JAKARTA, Suara Muhammadiyah– Kedutaan Besar Kerajaan Arab Saudi untuk Republik Indonesia mengadakan pertemuan tertutup dengan Pimpinan Pusat Muhammadiyah yang dilanjutkan dengan konferensi pers terkait tiga tema yang sedang hangat. Terkait hukuman mati TKI Tuti Tursilawati, pelarangan jamaah haji asal Palestina, dan masalah hukum Habib Rizieq Shihab di wilayah Arab Saudi.
Dalam pertemuan di Gedung Pusat Dakwah Muhammadiyah Menteng Jakarta Pusat pada Selasa (13/11) itu, Duta Besar Arab Saudi Osama bin Mohammed Abdullah al-Shuaibi, disambut oleh Sekretaris Umum PP Muhammadiyah Abdul Mu’ti, ketua PP Muhammadiyah Anwar Abbas, dan pengurus Lembaga Hubungan dan Kerjasama Internasional (LHKI) Muhyidin Junaidi.

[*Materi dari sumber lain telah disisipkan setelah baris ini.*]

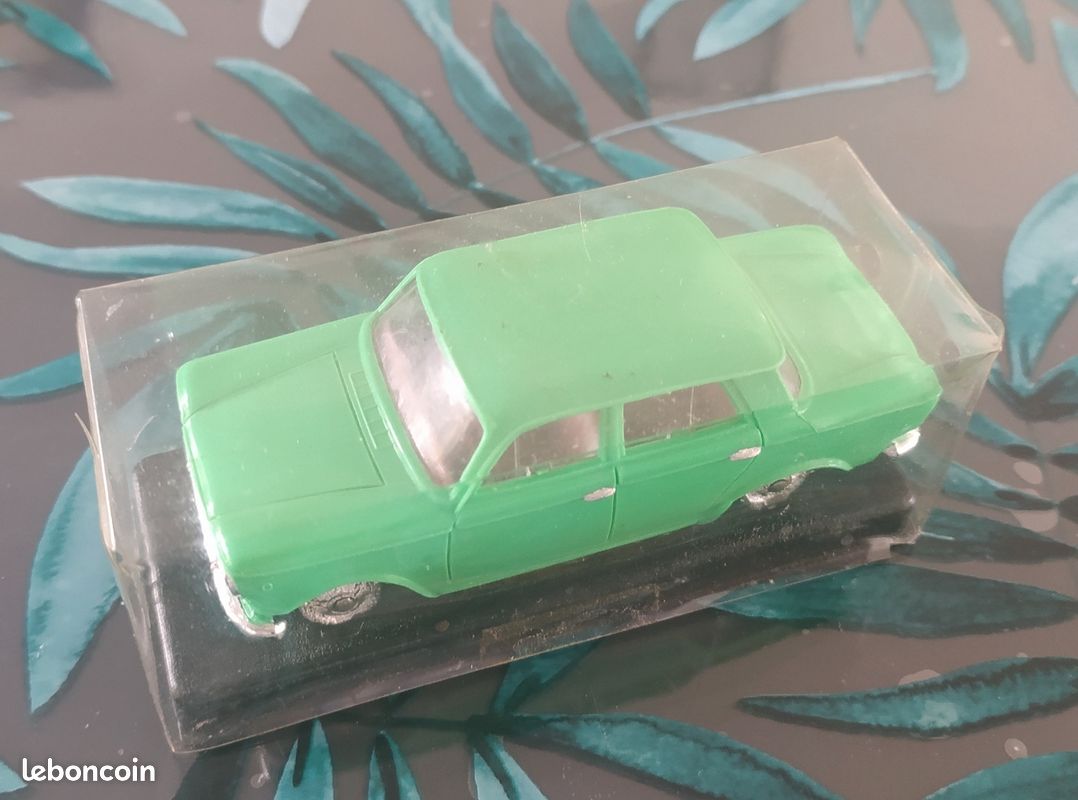 Politoys Dragster Drago no Mebetoys Dinky Corgi - Collezionismo In vendita a Milano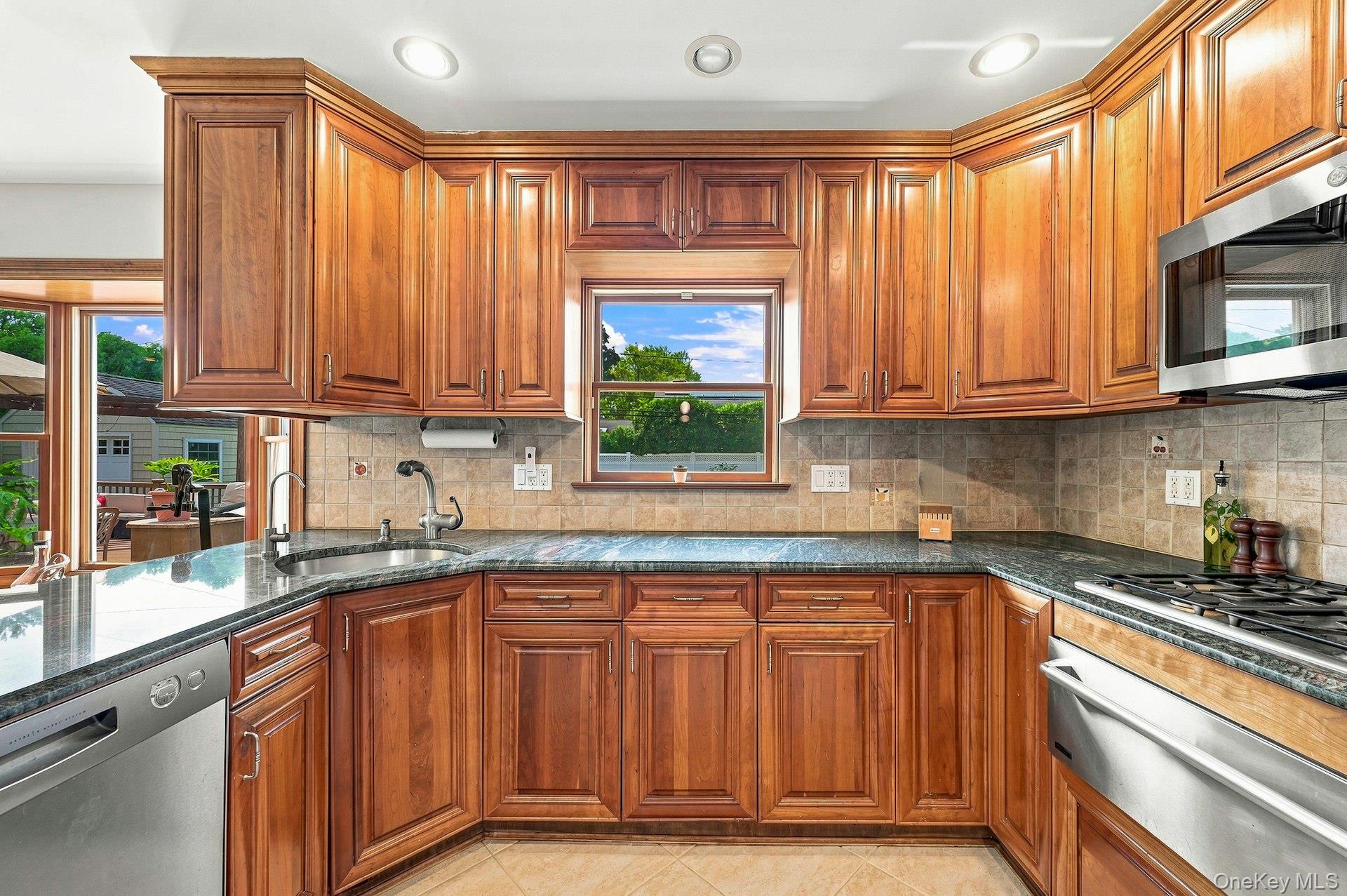 7 Herkimer Avenue — photo 18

Dubes Osama menyatakan bahwa antara Kerajaan Saudi dengan Indonesia punya hubungan baik dan akan terus melakukan kerjasama ke depannya. “Muhammadiyah merupakan lembaga terkemuka di Indonesia yang punya perhatian khusus pada bidang keagamaan, pendidikan, kesehatan, dan kebudayaan,” tuturnya.
Pelarangan Jamaah Haji Palestina
Pertama, Dubes membantah rumor yang menyatakan adanya pelarangan jamaah haji asal Palestina. “Rumor pelarangan 1 juta penduduk Palestina untuk melakukan haji adalah tidak benar,” ujarnya. Informasinya tidak masuk akal. Menurutnya, jumlah penduduk Palestina sebanyak tujuh juta. Jika jumlah penduduk ini dipersentasekan dengan kuota yang disediakan oleh negara Organisasi Kerja Sama Islam (OKI) maka Palestina menerima kuota tujuh ribu jamaah haji.
“Persentase diberikan kepada negara Islam setara dengan jumlah penduduknya satu per seribu,” katanya. Dubes mengibaratkan Indonesia dengan penduduk 220 juta hanya memiliki kuota haji sekitar 220 ribu jamaah. “Maka, tidaklah logis dengan jumlah yang akan melakukan ibadah haji dari Palestina satu juta,” ujarnya.
Menurutnya, isu Palestina merupakan isu semua negara Islam karena Palestina merupakan kiblat umat Islam. “Dukungan pemerintah Indonesia perlu diapresiasi terkait dengan Palestina. Kita tidak bisa membiarkan Palestina sendirian. Kami juga mengapresiasi Muhammadiyah untuk kami melakukan tabayun atau klarifikasi kebenaran informasi tersebut,” ucapnya.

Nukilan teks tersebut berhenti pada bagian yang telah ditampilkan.